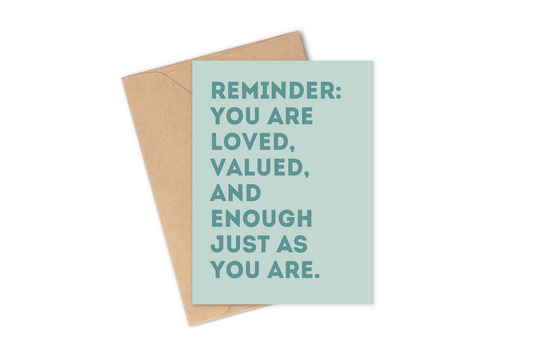 Text reminding you that you are loved, valued, and enough just as you are, promoting self-acceptance and positivity designed by Hey Rosie Creations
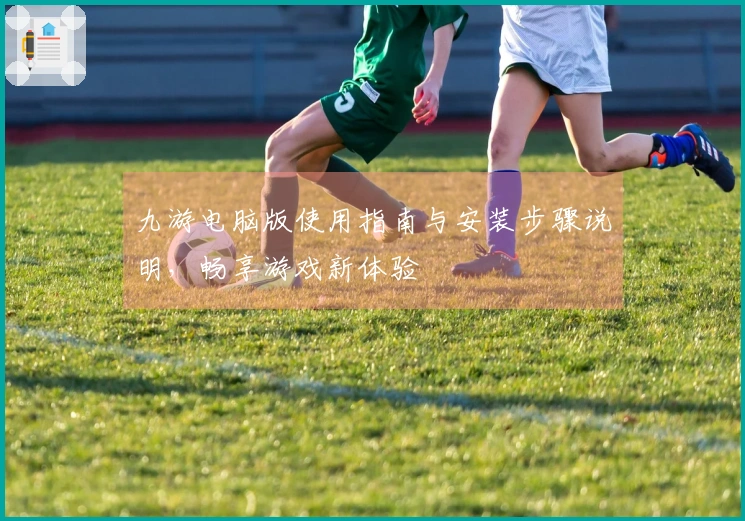 九游电脑版使用指南与安装步骤说明，畅享游戏新体验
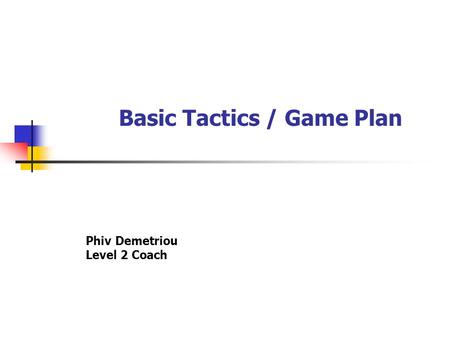 Basic Tactics / Game Plan Phiv Demetriou Level 2 Coach.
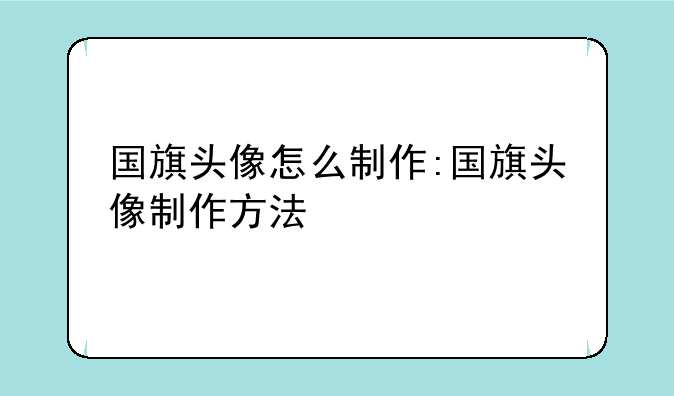 国旗头像怎么制作:国旗头像制作方法
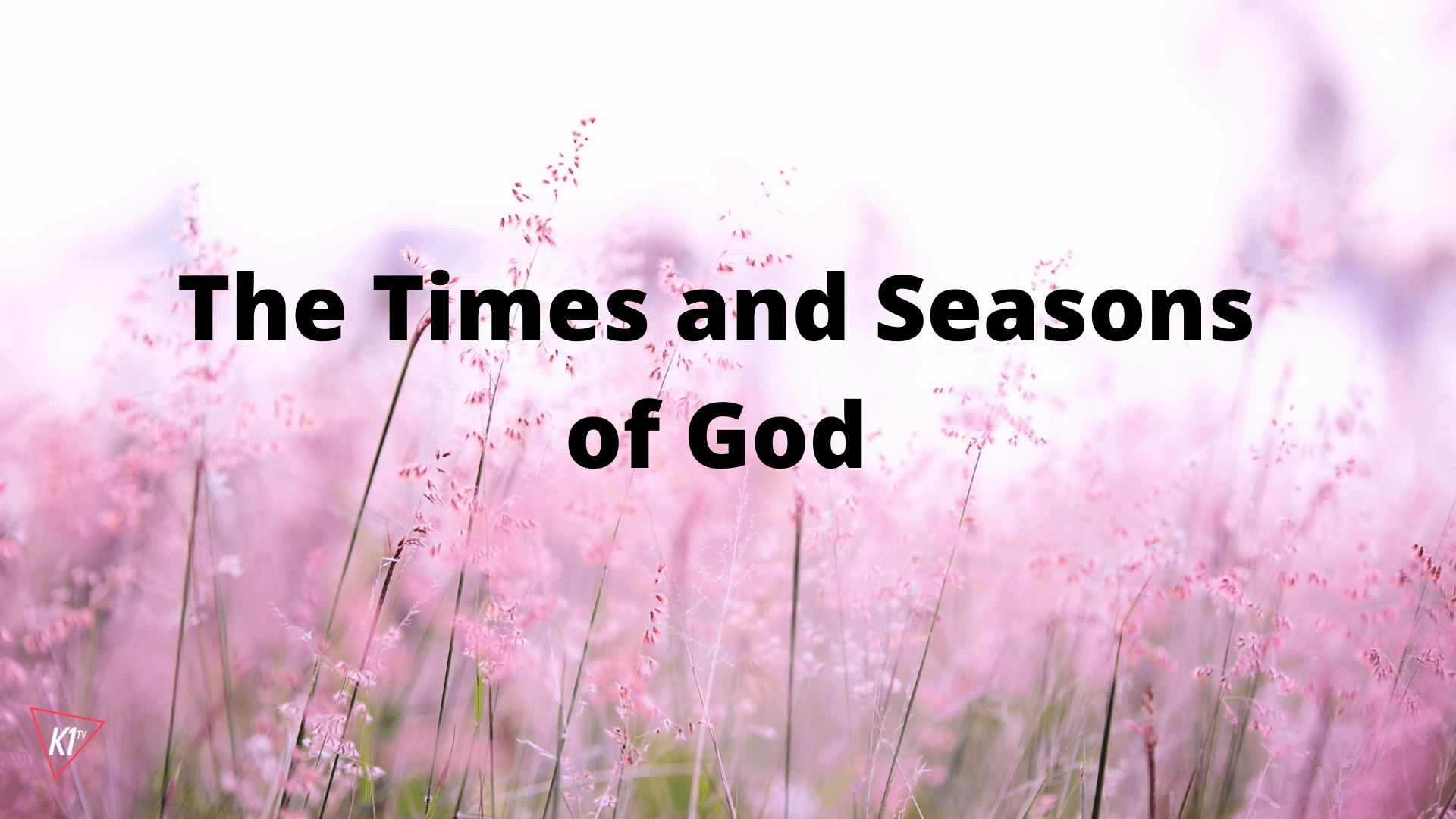 The Times and Seasons of God Kingdom First Ministries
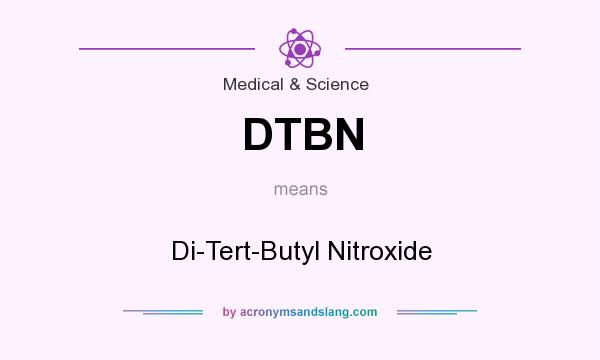 What does DTBN mean? It stands for Di-Tert-Butyl Nitroxide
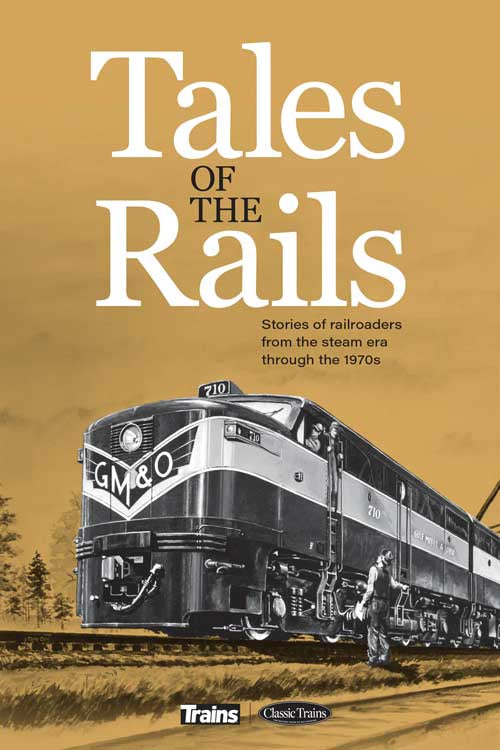 Firecrown (Kalmbach) Tales of the Rails -- Hardcover, 304 Pages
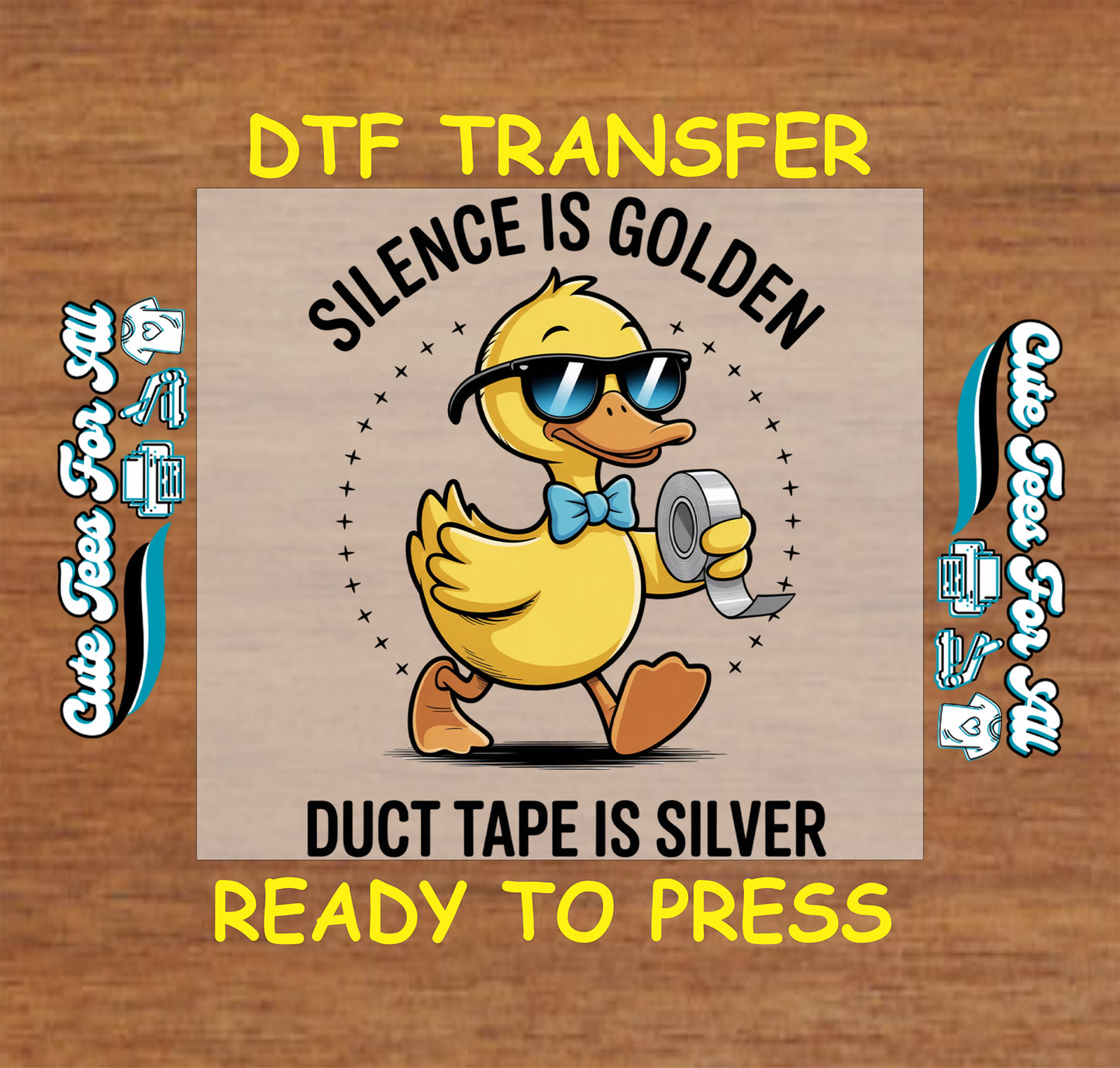 Colorful cartoon duck artwork ready to press dtf with sunglasses, bow tie, duct tape roll, and funny sarcastic quote text for DIY shirts.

#####

=== Brief ===
Return, exactly and without extra lines, everything from the line with "九游电脑版使用指南与安装步骤说明，畅享游戏新体验" through the last line of the material above, both included. Pictures must be dropped.

=== Expected output ===
 九游电脑版使用指南与安装步骤说明，畅享游戏新体验
 Basic Tactics / Game Plan Phiv Demetriou Level 2 Coach.
 国旗头像怎么制作:国旗头像制作方法
 The Times and Seasons of God Kingdom First Ministries
 What does DTBN mean? It stands for Di-Tert-Butyl Nitroxide
 Firecrown (Kalmbach) Tales of the Rails -- Hardcover, 304 Pages
 Colorful cartoon duck artwork ready to press dtf with sunglasses, bow tie, duct tape roll, and funny sarcastic quote text for DIY shirts.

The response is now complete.